The group’s influence has been buoyed, in part, by stories in media outlets such as The Washington Post and USA Today, said Ben Bacharach ’18, a student in the ILR School. More than 10 schools, including Ivy League universities, small liberal arts colleges and large state schools, have reached out to Cayuga’s Watchers, he said.

“What’s very key is that we are separate from the university,” he said. “We believe what’s important is the peer-to-peer element.”

Cayuga’s Watchers trains students how to identify instances where excessive drinking is about to occur and how to intervene. Students are paid $10 an hour to attend parties, at the host’s request, Bacharach said. They mingle with guests and watch for signs of potential alcohol poisoning, physical violence and sexual assault.

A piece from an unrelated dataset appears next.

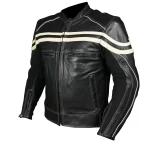 Track Motorcycle Leather Jacket Black/Beige - Image 7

The organization employs more than 200 “watchers” and staffs four to eight events each weekend for fraternities, sororities and other student groups, he said. The service is free, and watchers are paid through Cayuga’s Watchers, which operates on grants and other donations. The Smithers Institute at the ILR School and Cornell alumni are among its benefactors.

Cayuga’s Watchers began in 2012 after members of the Cornell community learned about similar efforts at other campuses through the National College Health Improvement Project led by Dartmouth College, said Laura Santacrose, health initiatives coordinator at the Skorton Center for Health Initiatives, part of Cornell Health.

However, most of those efforts came under the auspices of their respective colleges or charged a fee, she said.

“We take a public health approach,” Santacrose said. “No one thing will solve the problem. We educate students about the signs of alcohol poisoning, the Good Samaritan protocol ... and if we can grow a community of interveners who feel confident to do something in the moment, that all together will really make a difference. It’s really a wonderful addition that students are now part of these strategies. They’re now part of the solution.”

Bacharach and Santacrose said they’re working on including in Cayuga’s Watchers training a new 20-minute video developed by the Skorton Center called “Intervene,” which addresses health topics including intimate partner violence and hazing. The primary audience is undergraduate and graduate students; secondary audiences include parents, alumni, faculty and staff, Santacrose said. Other universities can use it for free.

In addition, a sober house, spearheaded by William Sonnenstuhl, associate professor of organizational behavior, has opened on North Campus for students in recovery from alcohol and other drug addictions, Bacharach said.

Tracy Kinne is a freelancer for the ILR School.